California Congressman Adam Schiff is doing a masterful job leading the House Democratic team that is laying out the case against President Donald Trump in the Senate impeachment trial. Always in command of the facts, often eloquent and occasionally quite emotionally effective, Schiff and his colleagues have repeatedly made the point that the nation’s founders who wrote the Constitution were intent on dividing the powers of government between the executive, the legislature and the judiciary to guard against the rise of any form of monarchy akin to the one they had thrown off in the recent revolution.
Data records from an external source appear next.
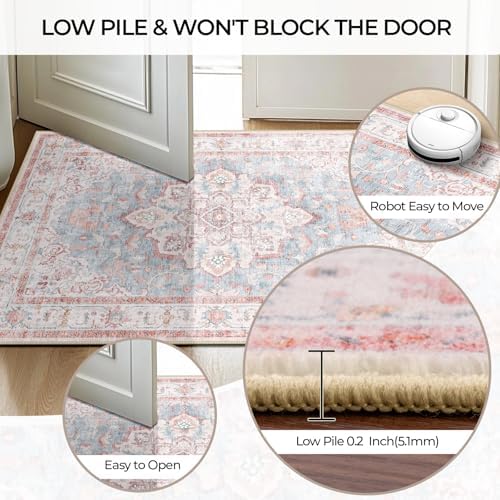 CAPALOCA 2x3 Washable Nursery Girls Low Pile Area Rug Pink Blue - Image 4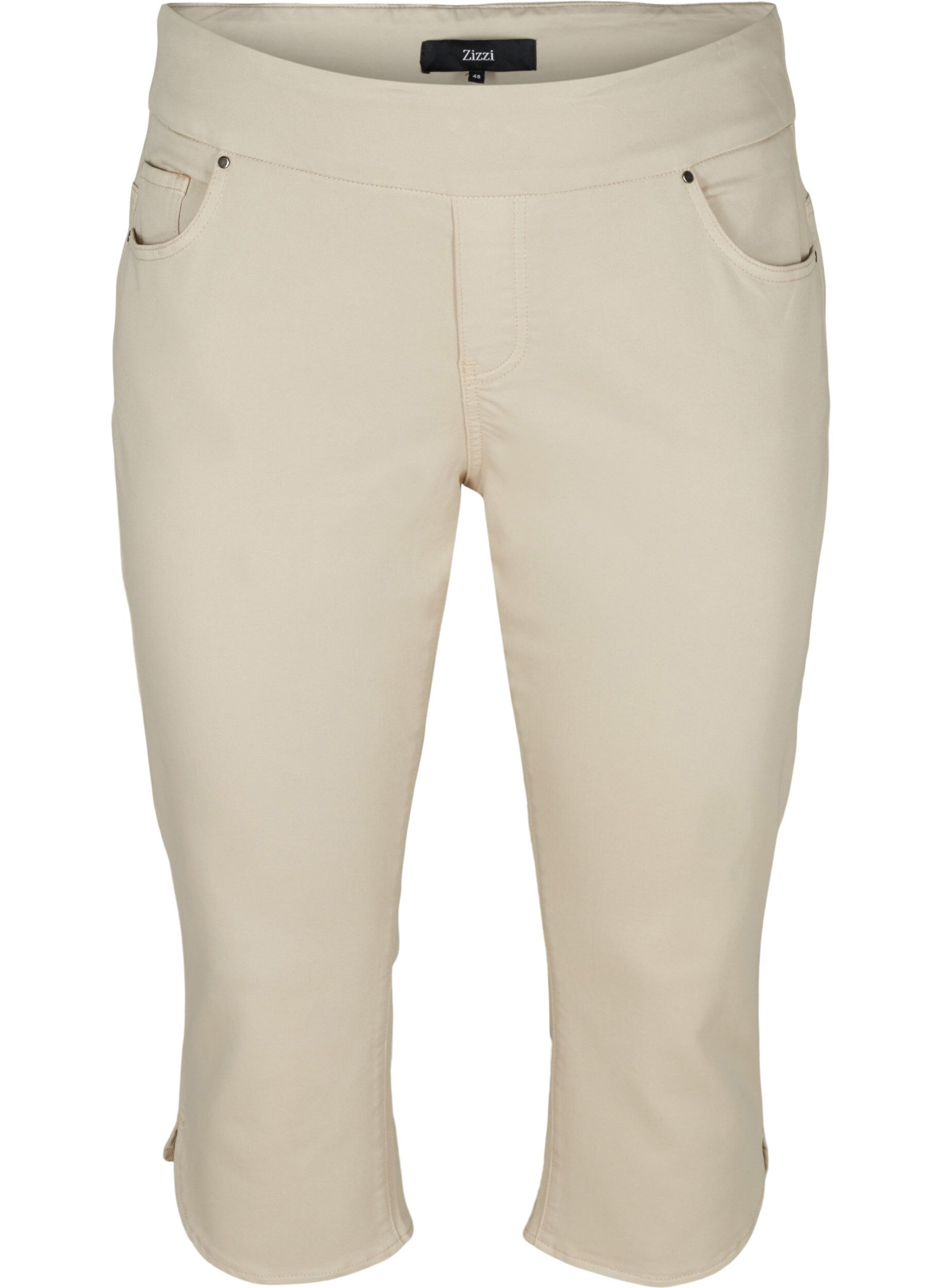 Zizzi Nauwsluitende driekwart broek in katoenmix, Rainy Day, Packshot image number 0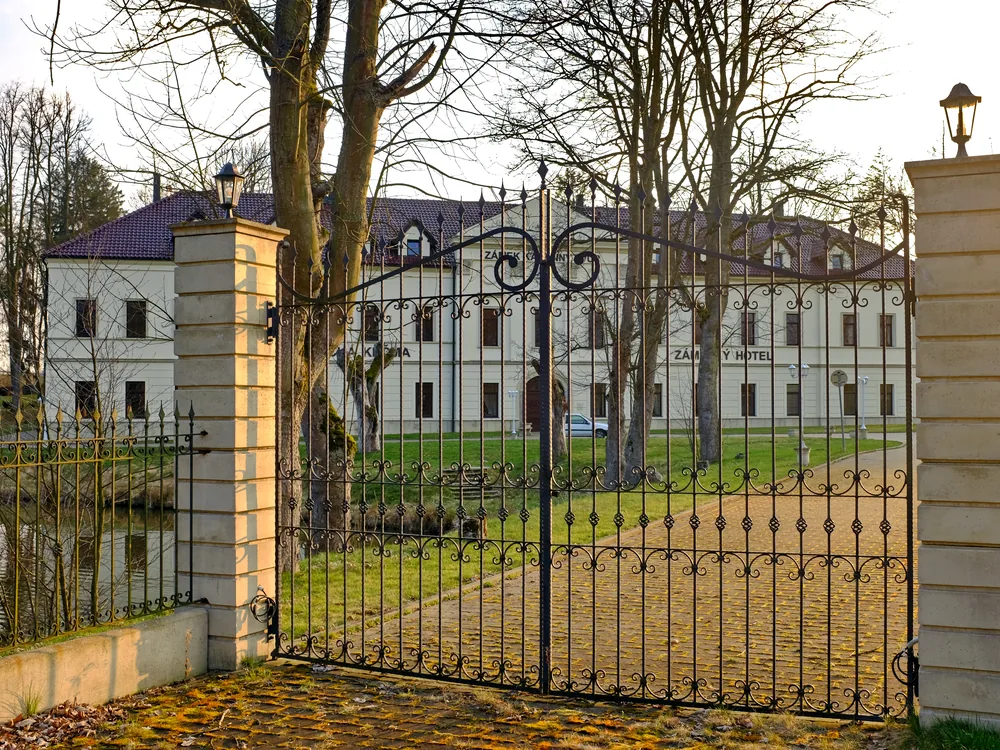 Kamenný Dvůr Château near Kynšperk nad Ohří, West Bohemia, Czech Republic — a late Baroque château restored from ruin, now a hotel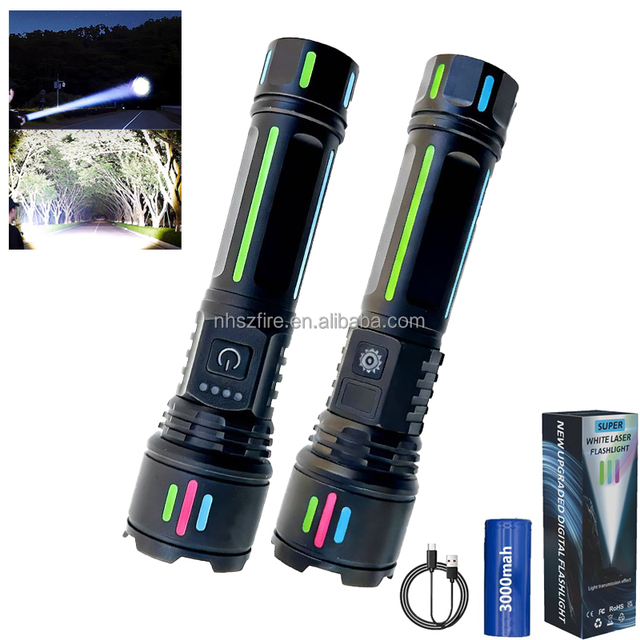 20W White Laser 3000mah Battery Super Bright Long-Range Waterproof Wide Beam Aluminum Alloy Rechargeable Flashlight Flashlight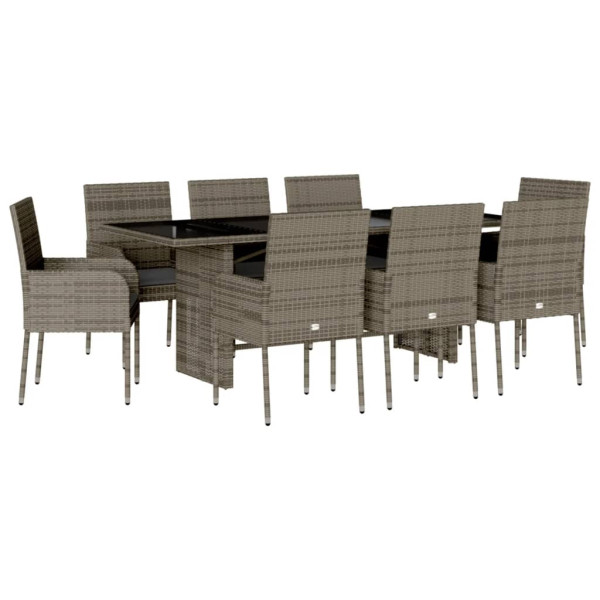 Set comedor jardín 9 pzas y cojines ratán sintético gris M 2
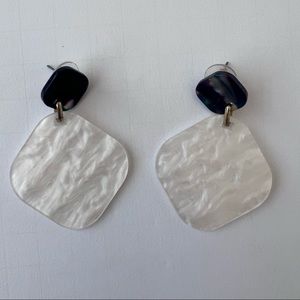 White Black Earrings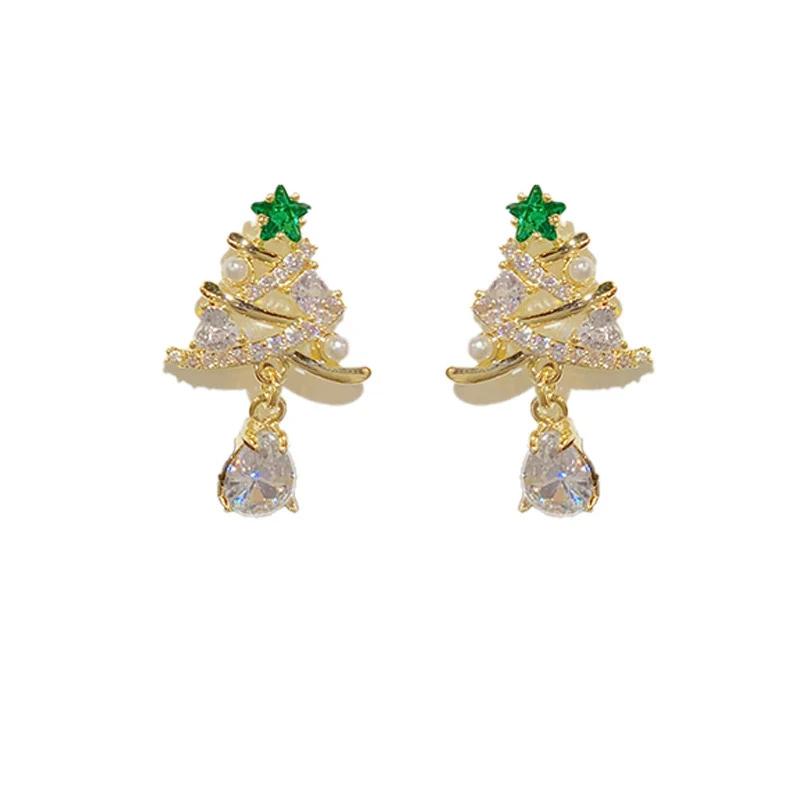 Huitan Red/Green Christmas Tree Design Women's Dangle Earrings Gold Color Gorgeous Female Earrings for Christmas Party Zircon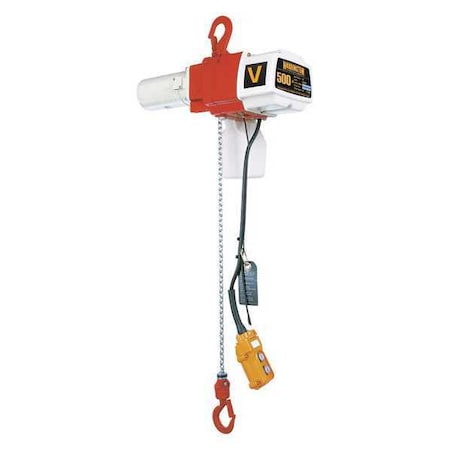 Electric Chain Hoist, 500 Lb, 15 Ft, Hook Mounted - No Trolley, White And Orange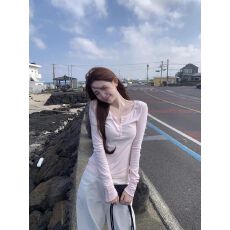 批发韩系甜辣妹粉色亨利领内搭长袖t恤女<b class='q'>打底衫</b>ins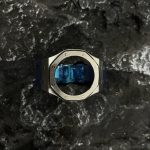 Ga2100 Silver Polish Bezel Navy Blue Rubber Strap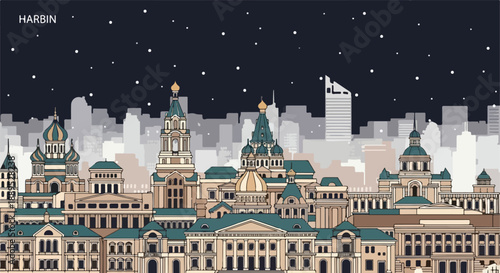 Detailed vector illustration of an impressive city skyline at night, featuring grand architectural landmarks and ornate buildings under a star-filled evening sky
Placing in the hands of the Congress the power to impeach and remove a renegade president was the ultimate expression of this concern.
At one point, Schiff read a quote from a letter Alexander Hamilton wrote to George Washington in 1792 in which Hamilton described the sort of populist demagogue he feared could rise up and shatter the foundations of democracy: “…a man unprincipled in private life, desperate in his fortune, bold in his temper… despotic in his ordinary demeanor—known to have scoffed in private at the principles of liberty… when such a man is seen to mount the hobby horse of popularity… it may justly be suspected that his object is to throw things into confusion that he may ride the storm and direct the whirlwind.”
Hamilton well understood the greatest potential threat to the republic he helped invent. In quoting this founding father, Schiff provided a disturbingly prescient portrait of the current occupant of the White House.